The post, attributed to the Chief Minister's Office and tagging Prime Minister Narendra Modi and Union Home Minister Amit Shah alongside Chief Minister Devendra Fadnavis, declared: 'नर्मदा प्रकल्पाच्या पाण्या प्रश्नावर तब्बल 20 वर्षांनी ऐतिहासिक तोडगा' — 'A historic resolution to the Narmada Project water question after a full 20 years.' The announcement signals that a multi-decade inter-state water-sharing impasse has been broken at the highest levels of the central and state governments.
Context
The Narmada Project, anchored by the Sardar Sarovar Dam, is a multipurpose river valley initiative shared among Gujarat, Maharashtra, Madhya Pradesh, and Rajasthan. The Narmada Water Disputes Tribunal fixed volumetric shares for each riparian state in its 1979 final award, but operationalising those allocations — particularly Maharashtra's entitlement in its northern reaches — has remained contested and administratively incomplete for decades.

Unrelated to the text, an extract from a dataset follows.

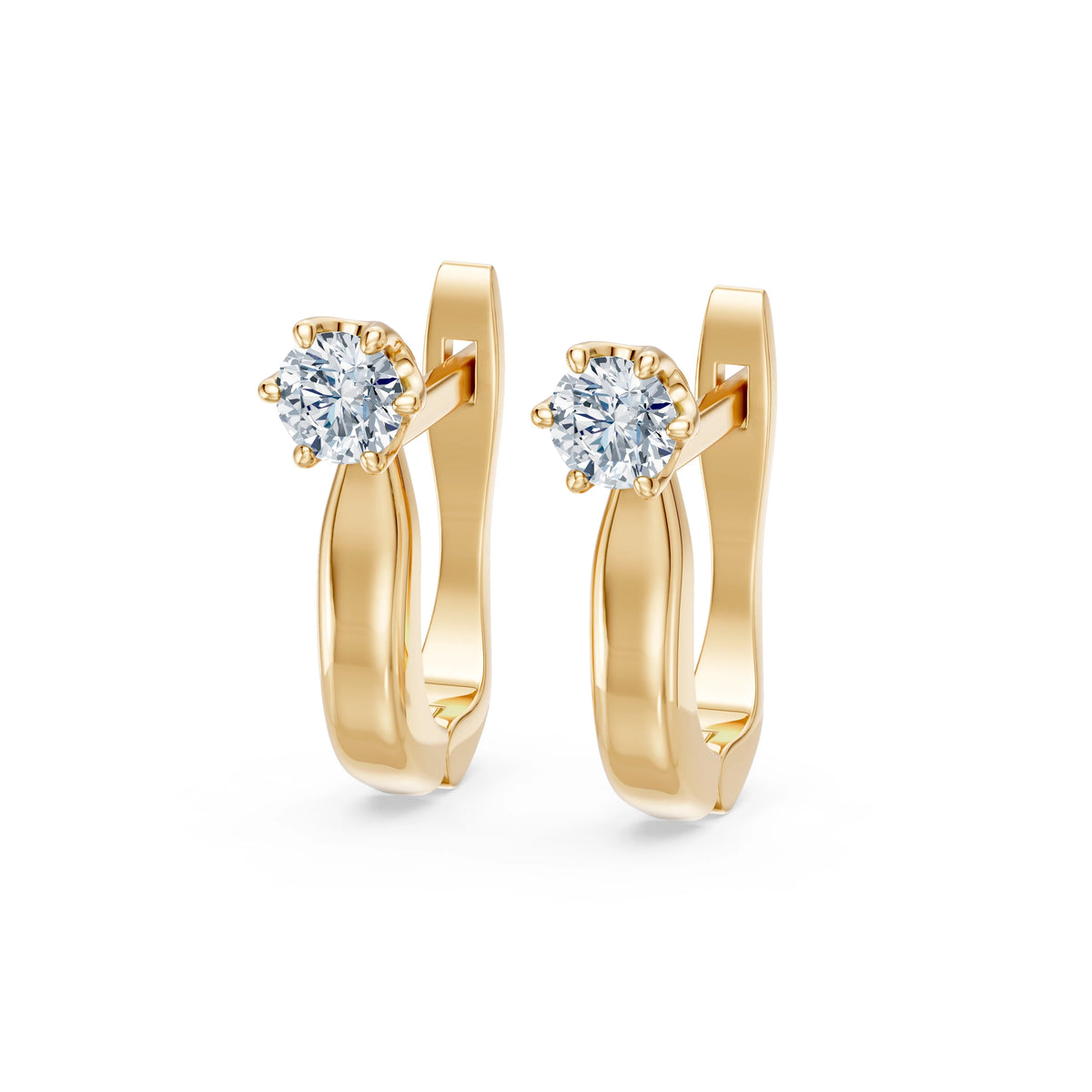 Cercei din Aur cu Diamante, Forma Rotund Briliant, 0,50 CT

The Sardar Sarovar Dam reached its full height in 2017 following central clearances that enabled reservoir filling and the extension of canal networks. Yet Maharashtra's ability to draw its full share in the northern belt bordering Gujarat and Madhya Pradesh continued to face procedural and infrastructure hurdles well beyond that milestone.
Policy Backdrop
Interstate river-water allocations in India have historically moved through two distinct phases: a tribunal award phase and a protracted operationalisation phase that often requires active central facilitation. Maharashtra has long sought to activate its Narmada entitlement to extend irrigation coverage in its water-stressed northern districts. The 10 TMC figure cited in the announcement represents a significant quantum that, if channelled effectively, could feed lift-irrigation schemes and canal networks already planned under the state's irrigation department.

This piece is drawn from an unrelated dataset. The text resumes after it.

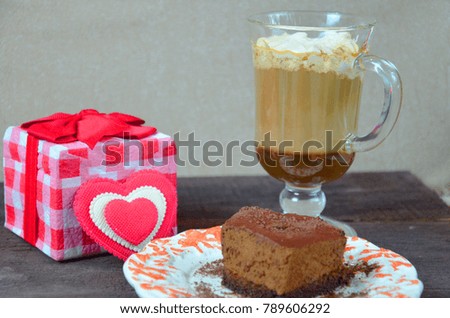 cake-hearts, boxes with presents and a Cup of black coffee, congratulation with Valentine's day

Chief Minister Devendra Fadnavis, a BJP leader with a sustained focus on state infrastructure and irrigation, has previously flagged the Narmada water question as a priority. The tagging of PM Modi — who as former Chief Minister of Gujarat was closely associated with accelerating the Sardar Sarovar project — and Home Minister Amit Shah in the post suggests the resolution involved active coordination at the central level.
Stakeholders and Impact
Nandurbar, a tribal-majority district in northern Maharashtra, stands to be among the primary beneficiaries. The district is drought-prone and heavily dependent on Narmada waters for agriculture. Farmers across the broader North Maharashtra belt — spanning districts bordering both Gujarat and Madhya Pradesh — have waited years for reliable access to the river's irrigation potential.

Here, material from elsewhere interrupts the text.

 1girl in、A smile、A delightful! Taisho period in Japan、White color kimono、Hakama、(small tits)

An additional 10 TMC of water, if released and distributed through functional canal infrastructure, could expand the irrigated area available for both kharif and rabi cropping cycles, reducing dependence on erratic rainfall in one of the state's most agriculturally vulnerable regions. The announcement is expected to have direct political resonance in constituencies across Nandurbar and neighbouring districts.
What's Next
The key near-term question is implementation: the Narmada Control Authority, the inter-state body that governs water releases and accounting from the Sardar Sarovar system, will need to formalise release schedules and measurement protocols for Maharashtra's additional 10 TMC draw. Canal infrastructure linking the river system to North Maharashtra's agricultural land will also need to be assessed for readiness ahead of the 2026-27 rabi season.
State irrigation officials and district administrations in Nandurbar and adjoining areas are likely to be tasked with preparing distribution plans. The resolution, if translated into water on the ground before the next sowing season, would mark a tangible shift for farming communities that have long been promised — but rarely delivered — the full benefit of India's most ambitious inter-state river project.